In the hub-and-spoke model, each area is optimized to deliver results to and curry favor with the higher-ups (or, in the metaphor of hub and spokes, the center). In today’s fast-paced marketplace, teams that need to wait for a leader to weigh in have lost the game before they start. Leaders instead need to paint a vivid horizon that inspires self-propelling teams to forge ahead with real-time collaboration — then step out of their way.
That shift implies something really important about the changing nature of leadership. Kevin Martin, chief research officer of i4cp, says “Organizations must look at leaders through a different lens. Business skills and acumen…are now table stakes. It’s the ability to influence and drive collaboration across cultures, boundaries, and borders that has the greater variability on global leadership effectiveness.”
Obviously, the shift in leadership competence requires complementary shifts in organizational structure, decision-making processes, and performance-management systems. Instead of a hub-and-spoke system, picture a racing track where each driverless team can compete successfully on the basis of four fundamentals:
- Overlapping goals. Goals will have significant overlaps; each individual and each team understands that they are pursuing one collective organizational goal.

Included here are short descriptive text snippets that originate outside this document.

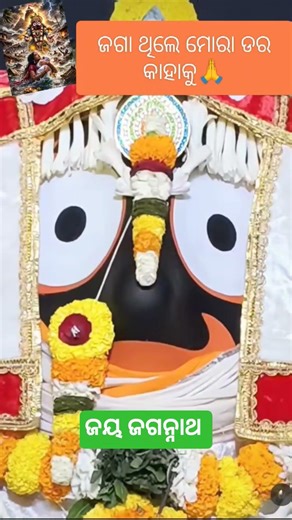 🙏🪷ଶୁଭ ସନ୍ଧ୍ୟା ବନ୍ଧୁଗଣ 🪷🙏ଜୟ ଜଗନ୍ନାଥ 🙏#odia #dham #odiabhajan #odiavlog #odiashorts 🙏⭕‼️⭕🙏🪷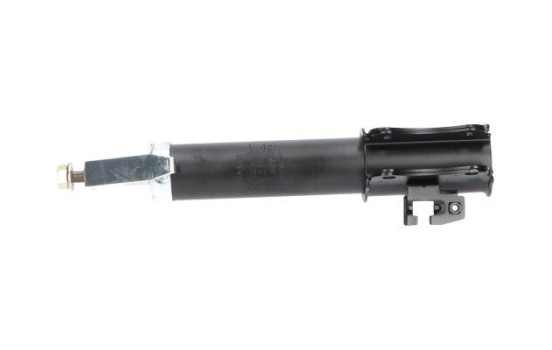 Shock Absorber SSA-8525 Kavo parts, Image 4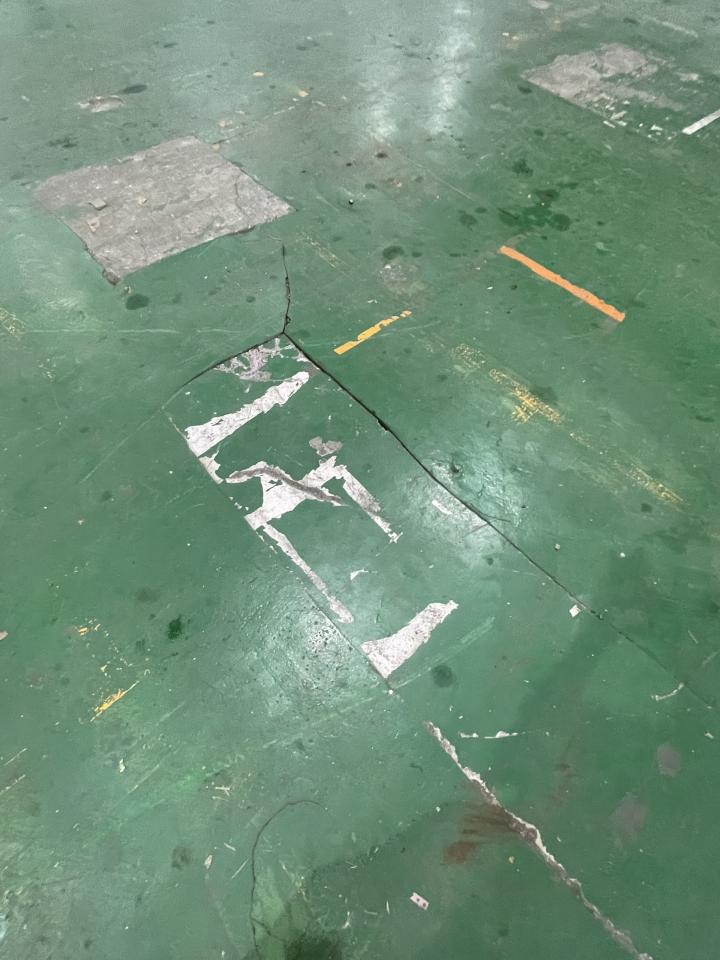 泥作/水泥施工案件圖片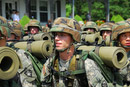 March_Back055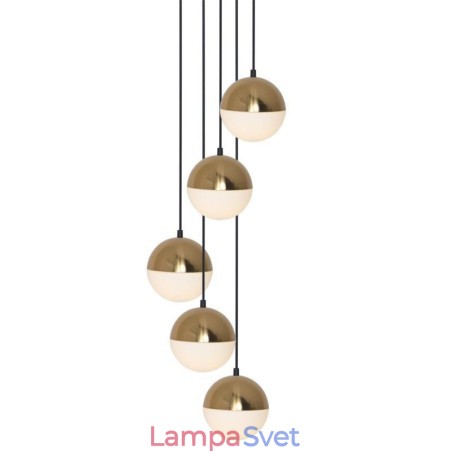 Závesné svietidlo Nordic Cluster Osvetlenie lampy v tvare kreatívneho kruhu Závesné svietidlo Nordic Cluster Osvetlenie lampy v tvare kreatívneho kruhu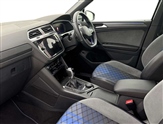 Volkswagen Tiguan Image 2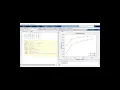 Customizing Matlab Plots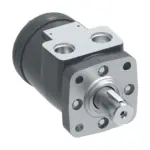 Danfoss (Drives) 101-3914-009 - Image 2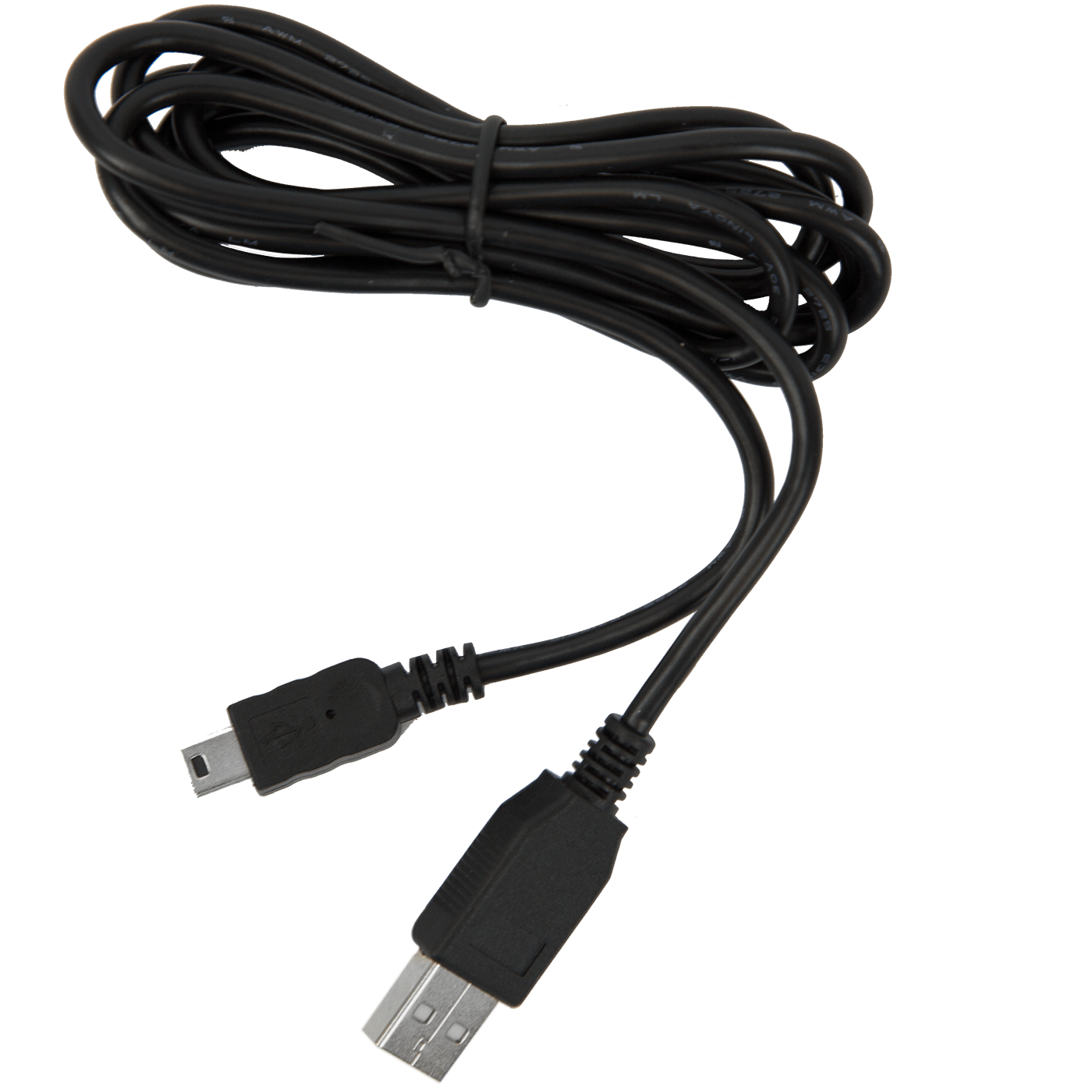 Cable Mini USB para Jabra Pro 900
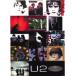  You two постер {U2} disco graph .-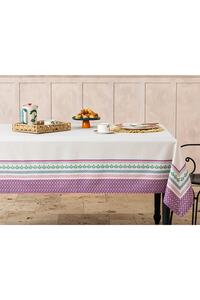 Related product image English Home Table Covers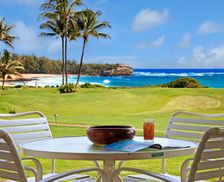 United States Hawaii Koloa vacation rental compare prices direct by owner 99547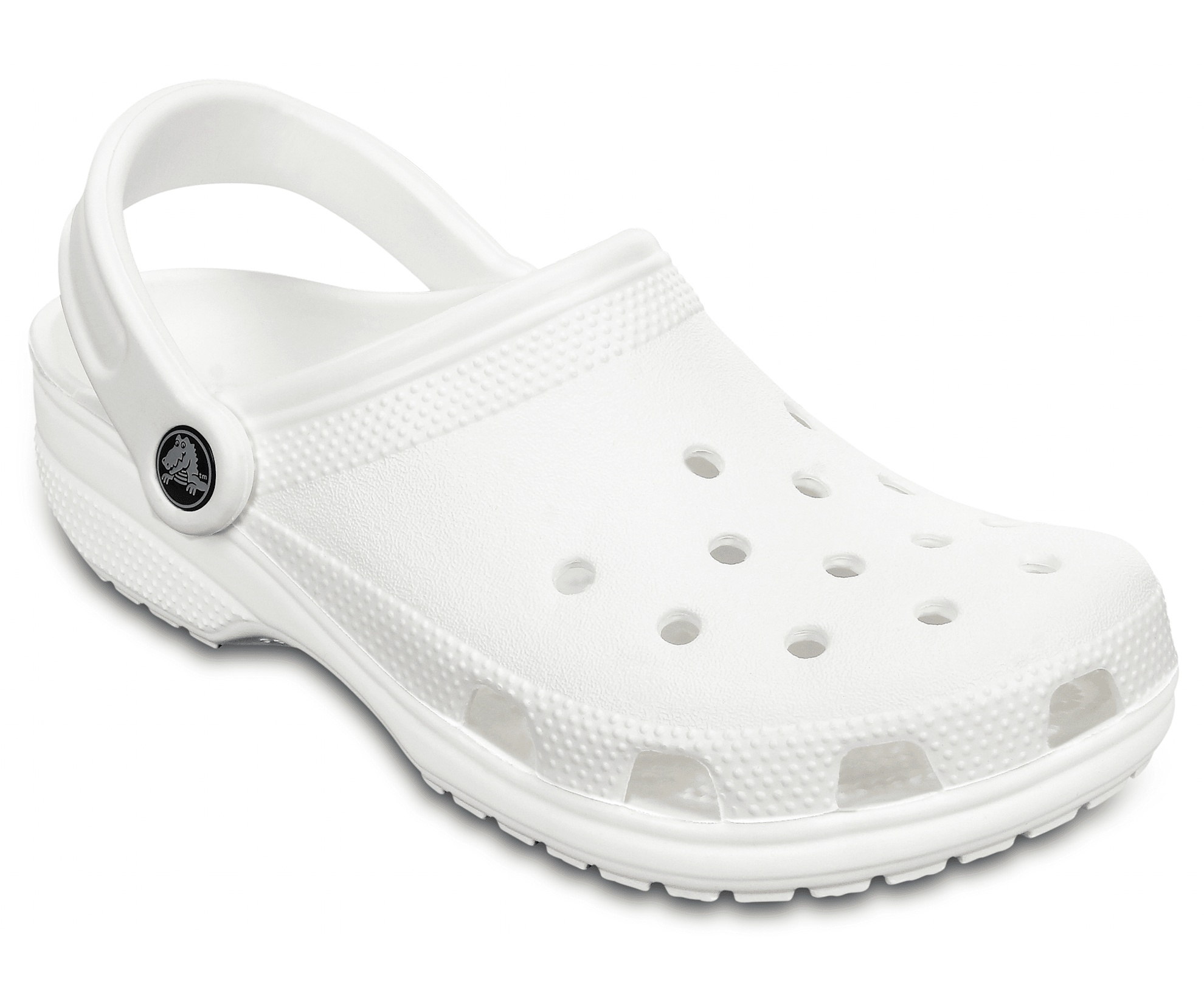 Classic Clog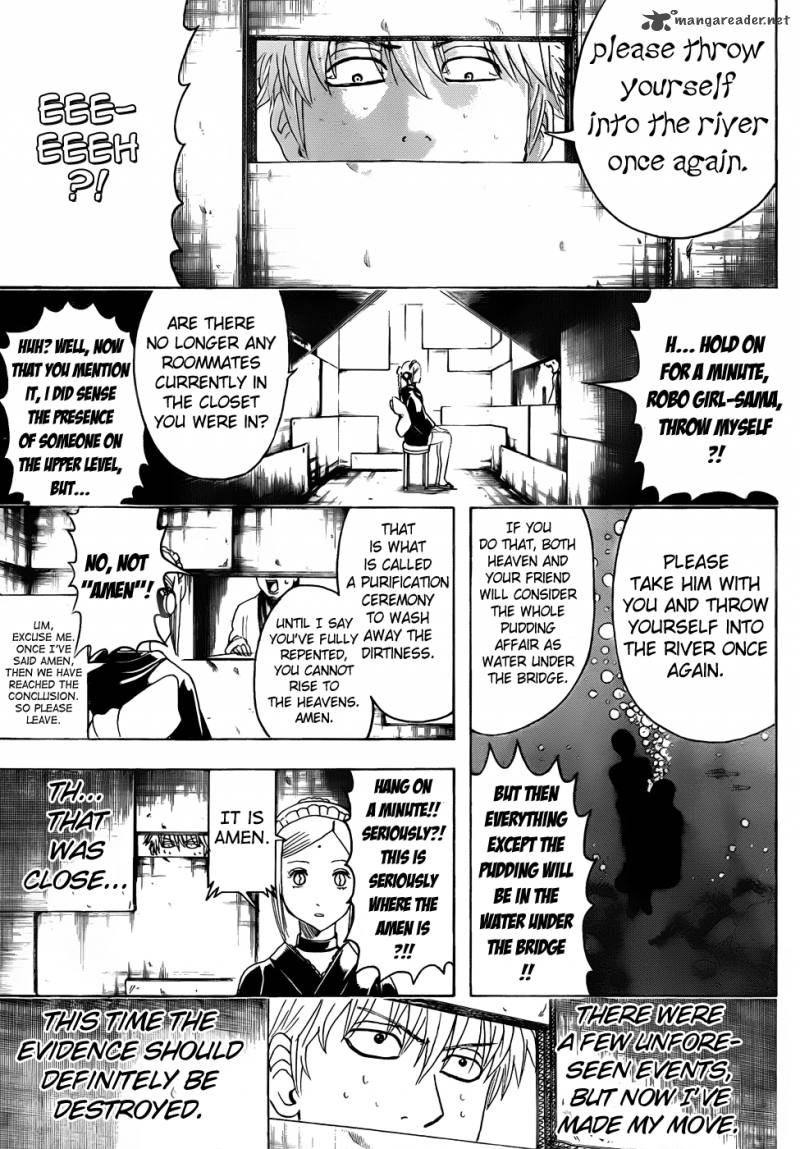 gintama_413_9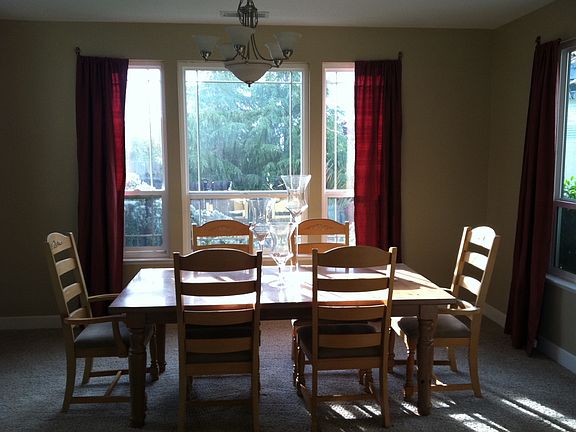 3rd image of 3021 Woodleigh Ln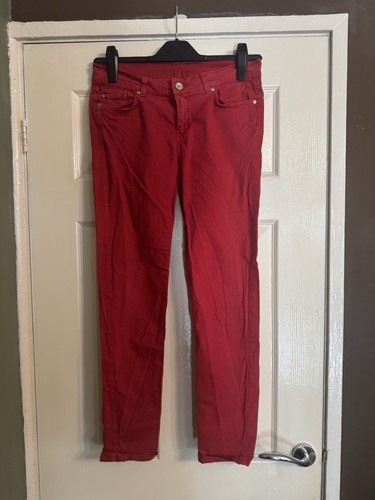 Oasis cherry crop slim - oasis,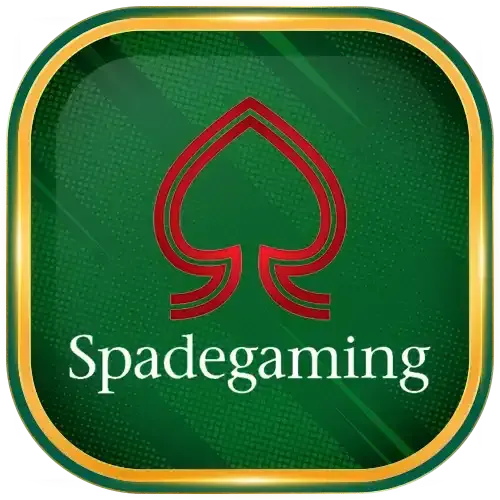 spade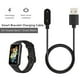 thumbnail image 5 of Cable Carga USB Magnetic 1m Cargador Rápido Reloj para Huawei Band 7/Honor 6/6 Pro Watch Fit/Fit Mini 4x/4x, 5 of 9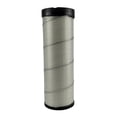 thumbnail image 4 of AIR FILTER 9218 Replaces: 5301833 612600114993 RS5759 SA18159, 4 of 4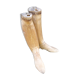 Boot shoe trees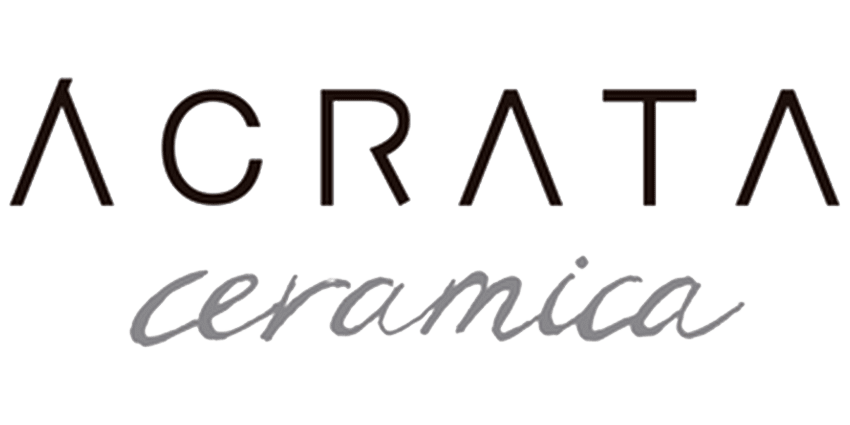 Ácrata Cerámica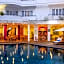 EMM Hotel Hue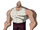 Absorbing Man (EMH)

- Role linkages. Each individual, team, and function will play a distinct role in the race while also supporting each other’s roles. Every individual has to be clear about how the individual, team, and organizational roles are linked.
- Constant collaboration. At the foundation of this model is the fact that no one individual or team can win the race alone. They will win only if they play their roles to perfection and help others that they’re linked to.
- Continuous reinvention. Teams will continuously process new data, creating a landscape of learning and realignment across levels.
There are some early signs of a movement away from hub-and-spoke management. One of the central tools of that system was the ubiquitous performance review. Today, 6% of Fortune 500 companies are reported to have gotten rid of rankings, according to management research firm CEB. These companies include big names like Microsoft, Adobe, Gap, and Medtronic. Recently, Accenture CEO Pierre Nanterme told The Washington Post that his company, too, is getting rid of the annual performance review as of Fall 2016, terming the move a “massive revolution.”
The million-dollar question that my clients ask me now: Is all this change worth the risk? My response is simple: There is no alternative. You have to make this change if you want to survive.